Bazen tam yazının ortasında biter yol; karakterimin kafası karışır, olduğu yerde oturur kalır. Böyle anlarda anlarım yazdığımı ve işte böyle anlarda işler tehlikeli hâle gelir. Kalkarım yerimden karakterimin kostümlerini giyerim, onu kaldırır oturduğu yere otururum. Empatinin çok ötesinde bir ruh hâline bürünürüm, o olurum. Bundan sonra yol bir süre çok yavaş ilerler. Düşünmem gerekir bol bol, sadece onun kostümünü giyerek kafa yapısını anlayamam sonuçta. Geçmişine bakarım, dinlemeye çalışırım onu ve kendimi. İnce ince bütün detayları işlerim. İşledikçe kostüm dediklerim benim kıyafetim olur, tam oturur üzerime ve ondan sonra yol almak kolaylaşır.

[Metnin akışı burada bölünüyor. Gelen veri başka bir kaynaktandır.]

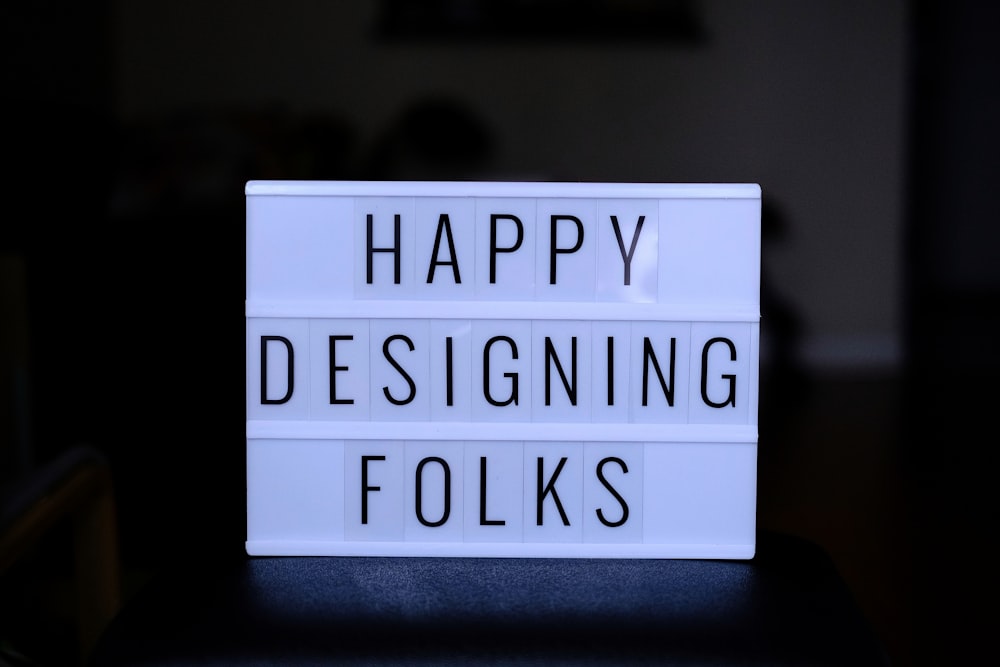 a sign that says happy designing folks on it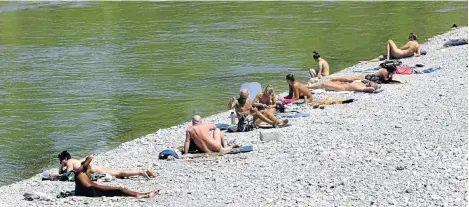  ?? Picture: REUTERS ?? NUDISTS UNTIE: People suntan alongside the Isar River in Munich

Benim A’dan B’ye yolculuğum kendime ait bir oda bir salonumdan ibarettir. Salonumun ölçüleri yirmi satıra otuz beş satır mesela. Şimdi yedi yüz satırkare mi dersiniz bilemiyorum ben ama satırla olunca işler öyle yürümüyor. Çünkü bir yazının, bir şiirin büyüklüğünü kelime sayısı belirlemiyor. Ne şairler geldi salonuma, sayfalarca yazdılar ama kenarda hâlâ bir romanlık yer kaldı ne şairler geldi, onların dört dizesini sığdırabilmek için koltuk takımını yan odaya taşımam gerekti. O yüzden yazarak yolculuk yapmanın birimleri alışkın olduğumuz birimlerden oldukça farklı. Bir adımınız size başka bir ülkeye götürürken bin adımınız sizi ancak yan apartmana götürebilir. Beklentileri düşürmek bile değil direkt yok etmek lazım. İlk gördüğünüz noktalama işaretine sıkıca tutunun ve sizi gideceği yere götürmesine izin verin.

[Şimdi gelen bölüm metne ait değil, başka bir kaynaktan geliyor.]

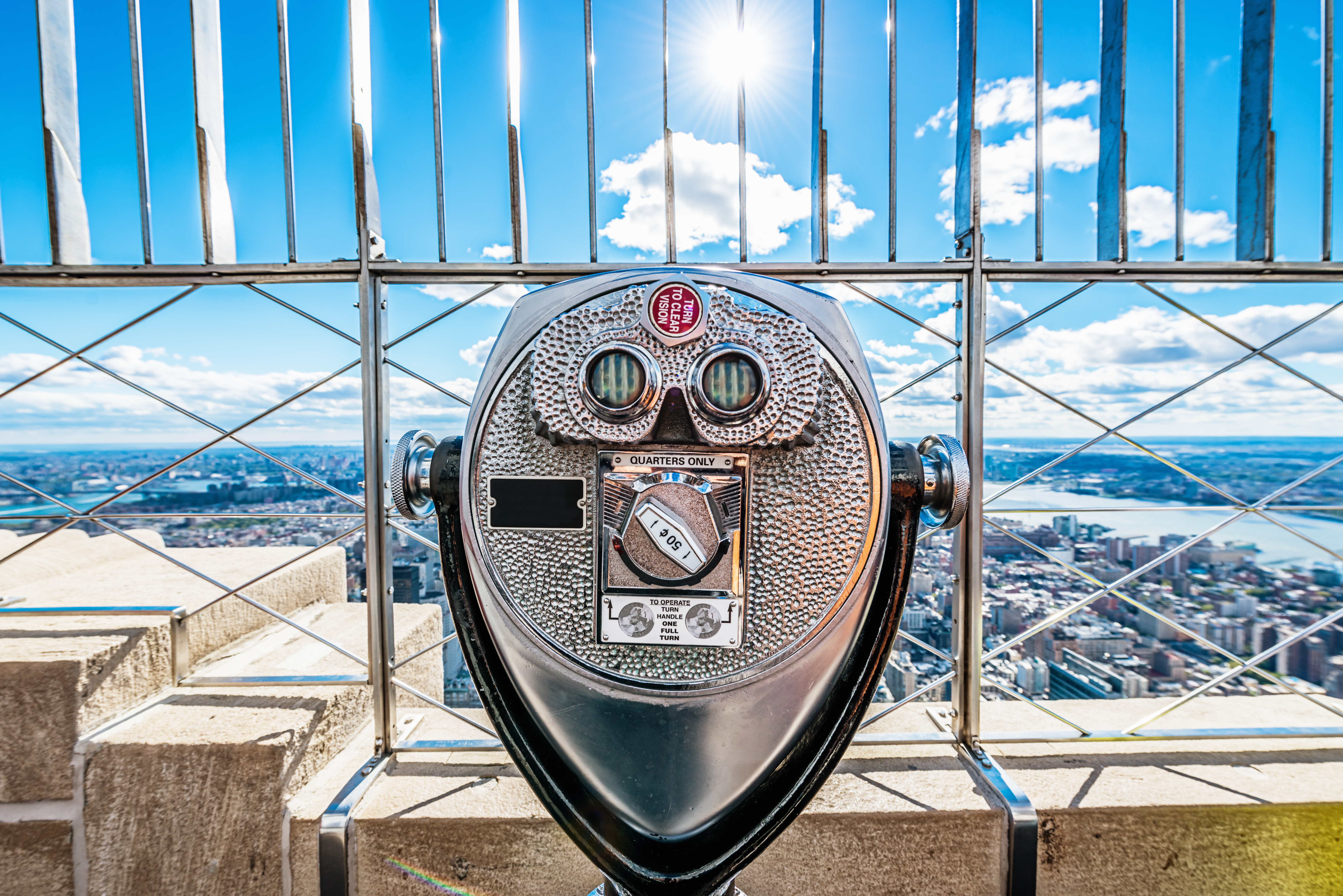 Binoculars and spectacular view over New York City, as seen from the Empire State Building observation dec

O yüzden diyorum işte yazdığım farkında olduğum anlarda diye. Çünkü noktalama işaretleri sinsidir, sizi oldukça kolay kandırırlar. Siz yazarken onları kullandığınızı zannedersiniz ama onlar nereye gitmek istiyorsa size ona göre cümleler yazdırırlar. Siz değil onlar anlatır karakterinizi ve eksilen parçalarınızı toparlar arkanızdan. Çünkü bilirler yazı bittiğinde tekrardan kendinize ihtiyaç duyacaksınız.
B noktasına geldiğimde büyük bir mutlulukla çıkarırım kostümümü ve kendi kıyafetlerime geri dönmek isterim. Her seferinde bol gelir bana kıyafetlerim, hatırlarım yazarken içimin parçalandığı her anı ve geri dönerim cümlelerime. Utana sıkıla noktalama işaretlerinden isterim düşen parçalarımı, her cümleyi tekrar tekrar okurum neyi nerede düşürdüğümü bulabilmek için. Son noktayı koyduğum anda değil de geri dönüp tüm parçalarımı topladığım zaman biter aslında öyküm. Karakterim olması gereken yerdedir ve kıyafetlerim üzerime tam olmuştur.